THE HIPPOPOTAMUS




The great African Hippopotamus is one of the most iconic of all the African land animals and second in weight only to the elephant.

They are found in western, central, eastern and southern Africa with the highest concentration in the Rift Valley of east and central Africa.

They are ideally adapted to the deep rivers and grassy feeding grounds that form its habitat, spending up to eighteen hours a day in water to keep its body temperature constant and to support its huge frame.

What do hippos do?

The hippo lives in groups of 15 to 20 animals, although these groups can be much bigger under certain circumstances. The hub of the group is a band of females with their young. This nursery group lives on a territory patrolled by a dominant, solitary male – usually at least 20 years old.

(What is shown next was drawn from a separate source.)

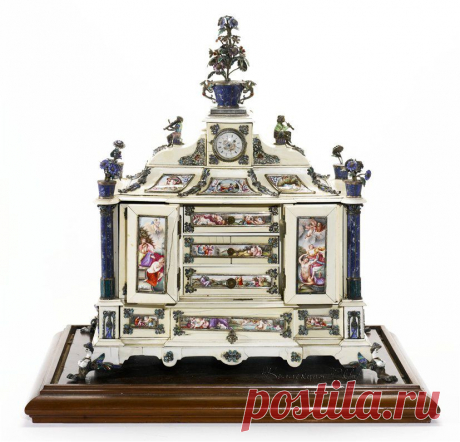 Настольные кабинеты имели несколько полочек, а дверцы, (первоначально без стекла), украшали маркетри (деревянной мозаикой), резьбой, металлическими накладками и т. п.. Позже появилась дверца со стеклом, что позволяло сразу видеть содержимое полок.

Younger males stay in small bachelor groups, and woe betide them is they dare to approach the nursing females. The dominant male uses its greater bulk and long teeth to deter any impudent intruders.

A dominant male is able to defend his territory in this way for up to ten years until finally, a fierce fight with a rival eventually ends his rule. These fights for dominance can even result in death!

Having proved that he is the dominant challenger, the rival then takes his place as the new dominant male in that territory.

Should dominant males meet at the edges of their boundaries, they will turn back to back and defecate, spreading their dung far and wide using their short, flat tails like cricket bats.

Hippo breeding

When a female is ready to mate she will seek out an adult male. About 34 weeks after mating the female leaves the group, and a single calf is born among reeds trampled down by the mother at the edge of the lake. Sometimes the young is born underwater, under these circumstances the baby has to surface quickly in order to draw its first breath.

Within five minutes of giving birth the calf is able to swim and walk. The mother will suckle her young for about 8 months, although the baby will stay with her for several years.

A female is often seen with several young behind her, the youngest will be closest to her while the oldest will be at the end of the line.

Hippopotamus facts

1. Hippos jaws can open to 150 degrees wide.

2. Up to 45% of hippos die in their first year.

3. The term ‘sweating blood’ come from the hippo’s ability to secret a pink fluid from glands beneath the skin.

4. A hippo is not able to survive for long on dry land as it loses water through its skin much faster than other land animals.

5. A hippo can stay underwater for up to 5 minutes and will often walk along the bottom of lakes.

6. Terrapins, birds, and even young crocodiles are often seen to be basking on the backs of hippos.

7. The name 'hippopotamus' comes from the ancient Greek for 'river horse'.

8. The hippo can easily outrun a human, and have been clocked at 30 km/h (19 mph) over short distances. 

9. The skin of the hippopotamus is 6 in (15 cm) thick.

10. When in combat, male hippos use their incisors to block each others attacks, and their lower canines to inflict damage. Luckily, hippos rarely kill each other, even in territorial challenges.